Racha Darwich , Mercredi, 03 janvier 2024

Les conflits armés au Moyen-Orient sont d’une grande complexité, ce qui rend leur règlement quasi impossible. Décryptage.

Moyen-Orient : Des conflits aux dimensions multiples
(Photo : Reuters)

Le Moyen-Orient souffre, depuis des années, de conflits armés qui l’ont rendu l’une des régions les plus instables du monde. Alors que certains pays connaissent des guerres civiles et sont quasiment divisés en deux comme le Soudan, la Libye et le Yémen, d’autres voient des milices armées disputer à l’Etat légitime le droit de monopoliser le port d’armes comme au Liban, en Iraq et en Syrie. D’autre part, le Moyen-Orient connaît depuis le siècle dernier l’une des plus grandes tentatives de séparation ethnique avec les Kurdes qui veulent se créer leur propre Etat, le Grand Kurdistan, en séparant des parties de l’Iraq, de la Syrie, de la Turquie et de l’Iran. N’oublions pas le conflit israélo-palestinien qui connaît depuis le 7 octobre une escalade sans précédent et qui a des retombées sur de nombreux autres conflits dans la région.
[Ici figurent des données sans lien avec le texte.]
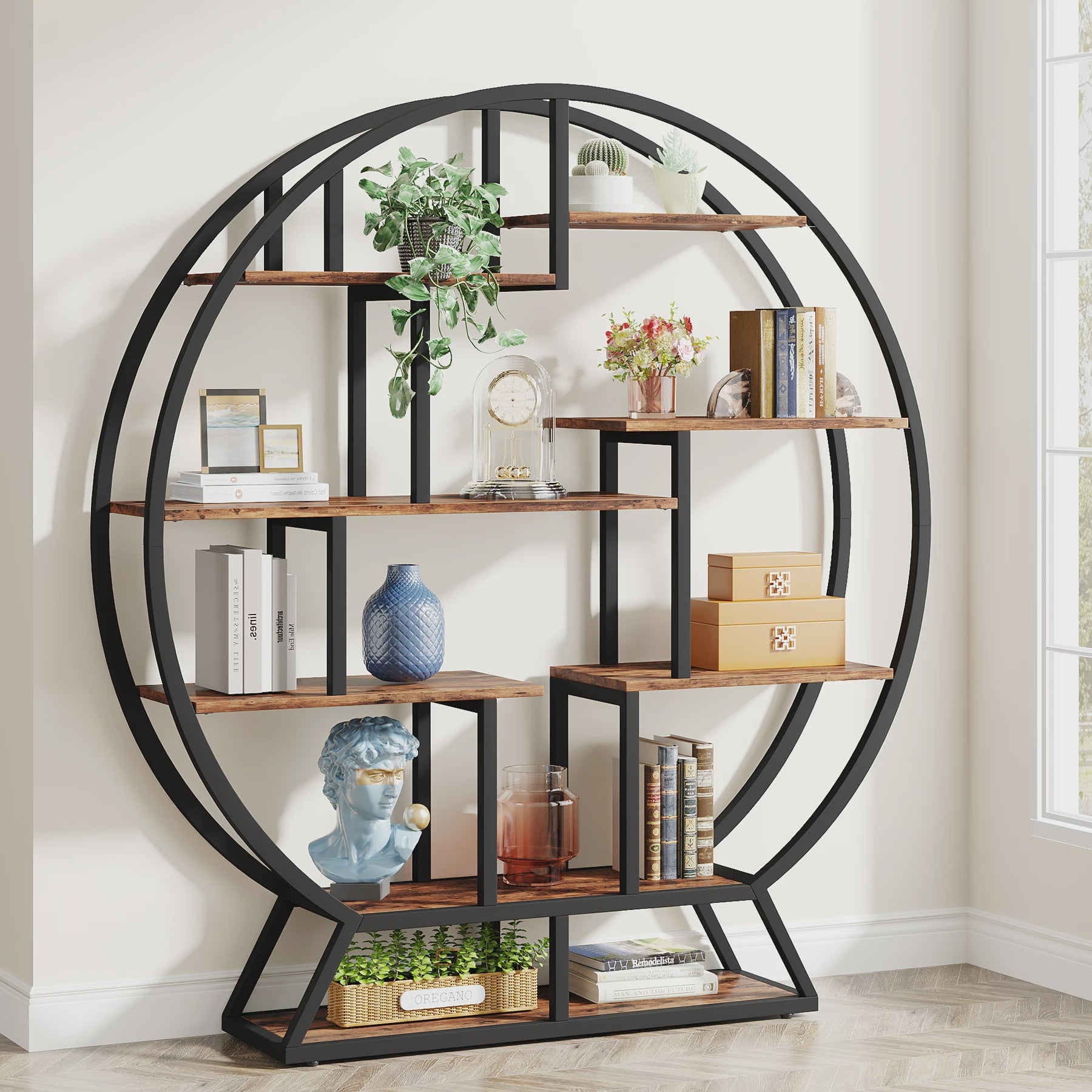 Industriële Ronde Boekenkast met Verspringende Planken - 160 cm Hoog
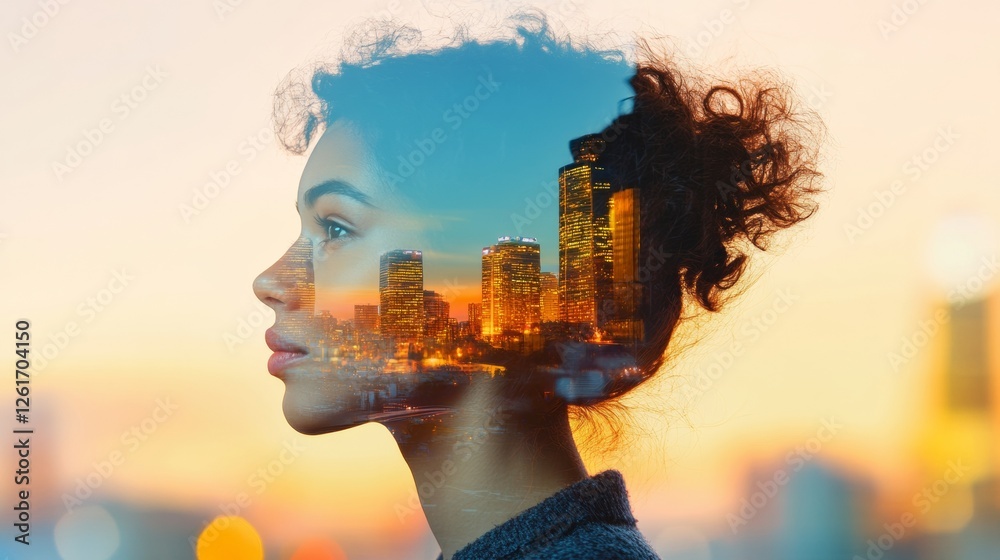 Poster Futuristic Digital Transformation Holographic Cityscape in Mind - Advanced User Interfaces and Tech Innovation for Urban Workspaces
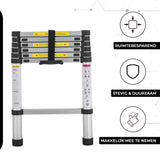 Telescopische ladder 2M Aluminium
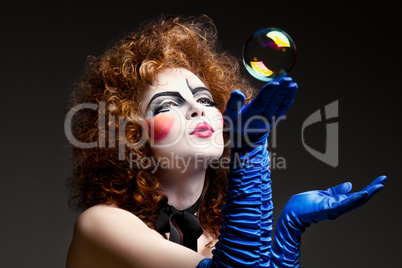 woman mime with soap bubbles.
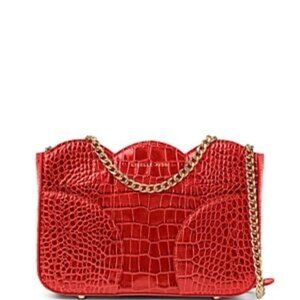 Red Leather Crossbody Structured Bag by Liselle Kiss NEW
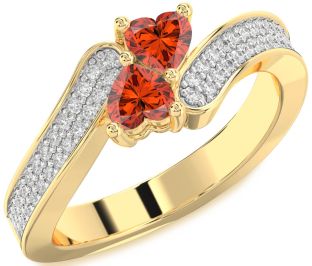 Diamond Fire Opal Gold Two Heart Ring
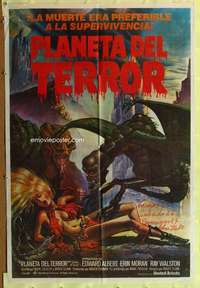 t940 GALAXY OF TERROR Argentinean movie poster '81 Charo art!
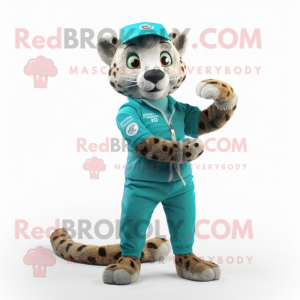 Teal Cheetah maskot-kostym...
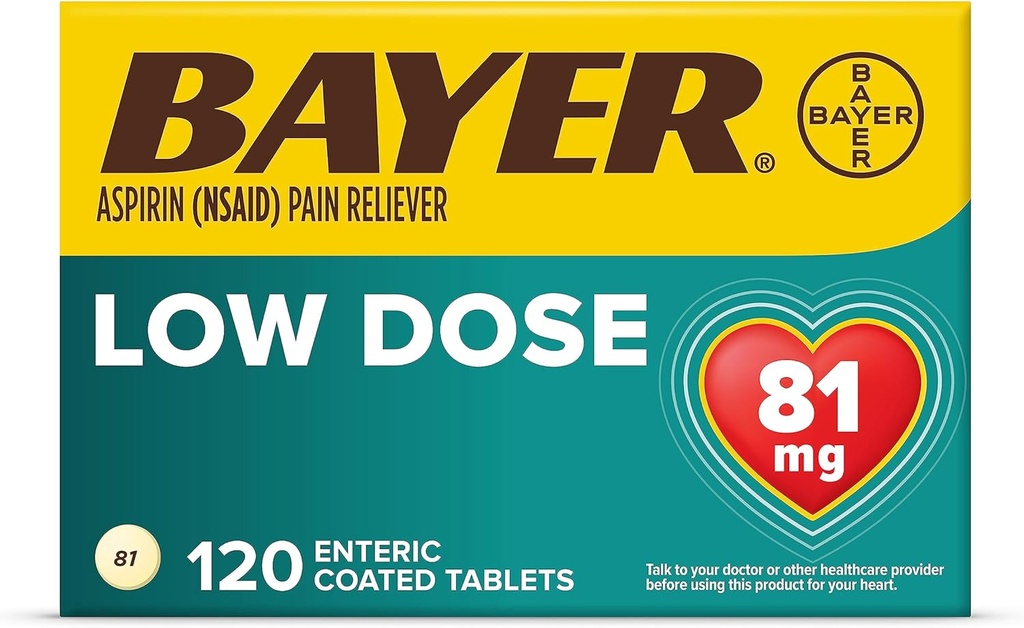 [BRSWIYYCDINQID3A] Bayer Aspirin Regimen , 81mg Enteric Coated Tablets, Doin Reliever/Fever Reducer, 120 Conde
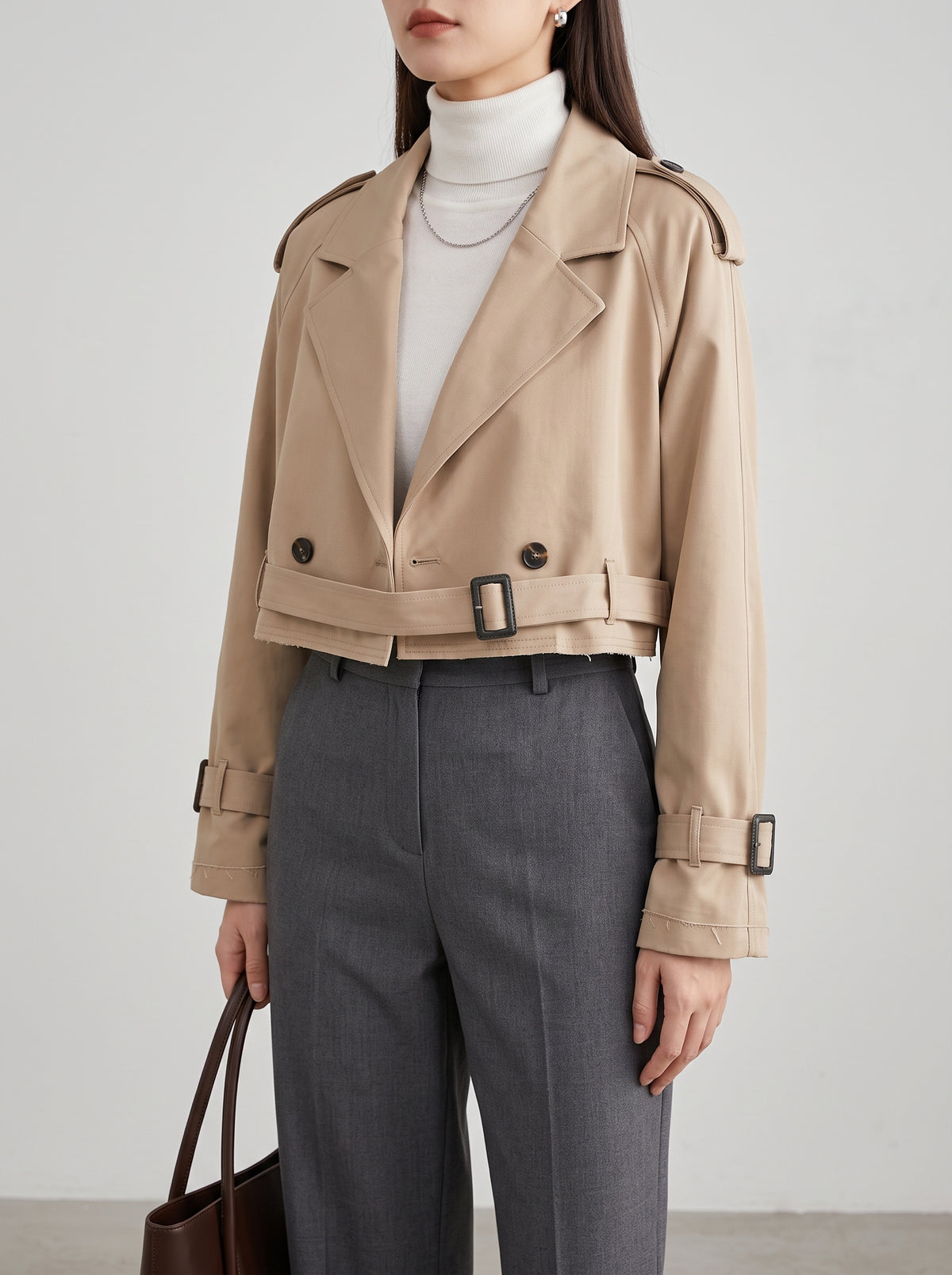 Blair Cropped Trench Coat with Contrast Buttons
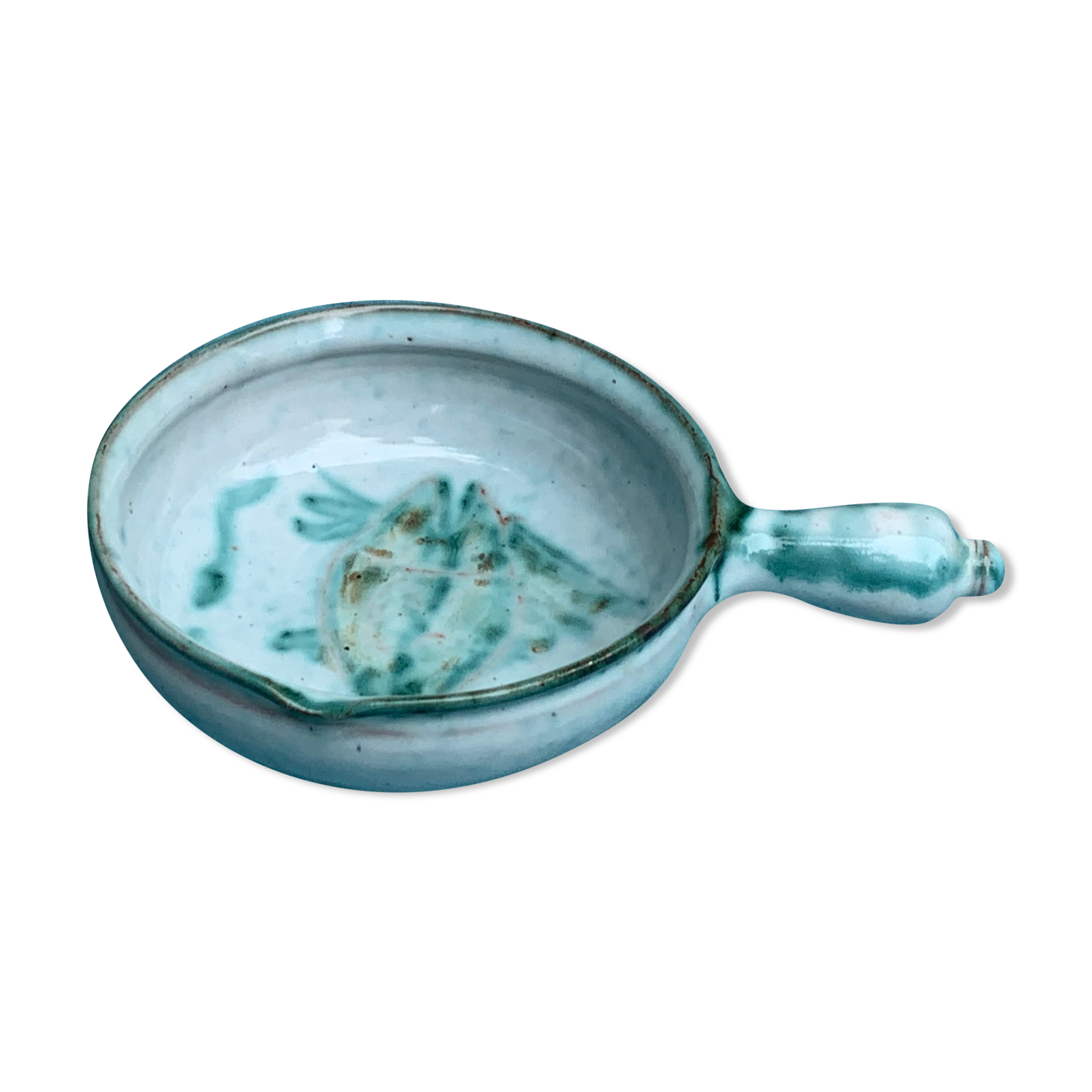 Caquelon, pan sign Humbert pittari vallauris model with blue glazed ceramic fish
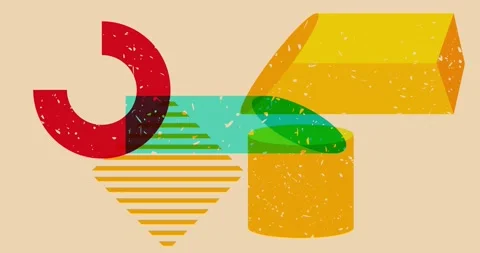 Risograph geometric five elements Stock Footage 334904202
Soudan, Libye, Yémen : la guerre civile

Le Soudan est actuellement l’exemple le plus flagrant de guerre civile. Le conflit a éclaté le 15 avril 2023 entre l’armée soudanaise officielle dirigée par Abdel-Fattah Al-Burhan d’une part et les Forces de Soutien Rapide (FSR) dirigées par le général Daglo (Hemeti) d’autre part. Au cours de toute cette période, aucune partie n’a réussi à prendre le dessus, bien que les FSR aient réussi à s’emparer de larges territoires. Grâce à une médiation de l’Union africaine et de l’Arabie saoudite, Burhan et Hemeti devraient se rencontrer à Djibouti en janvier. Mais chaque partie tente, jusqu’à la tenue de ces négociations, de réaliser le maximum d’acquis afin d’être en position de force lors des négociations. D’où l’escalade des combats ces derniers jours. « Si ces négociations réussissent, un cessez-le feu pourrait être instauré au Soudan pour la première fois depuis le déclenchement de ce conflit armé qui a fait des milliers de morts », explique Dr Mona Soliman, chercheuse en affaires internationales à la faculté de sciences politiques de l’Université du Caire. Elle estime, cependant, que ce scénario est peu probable.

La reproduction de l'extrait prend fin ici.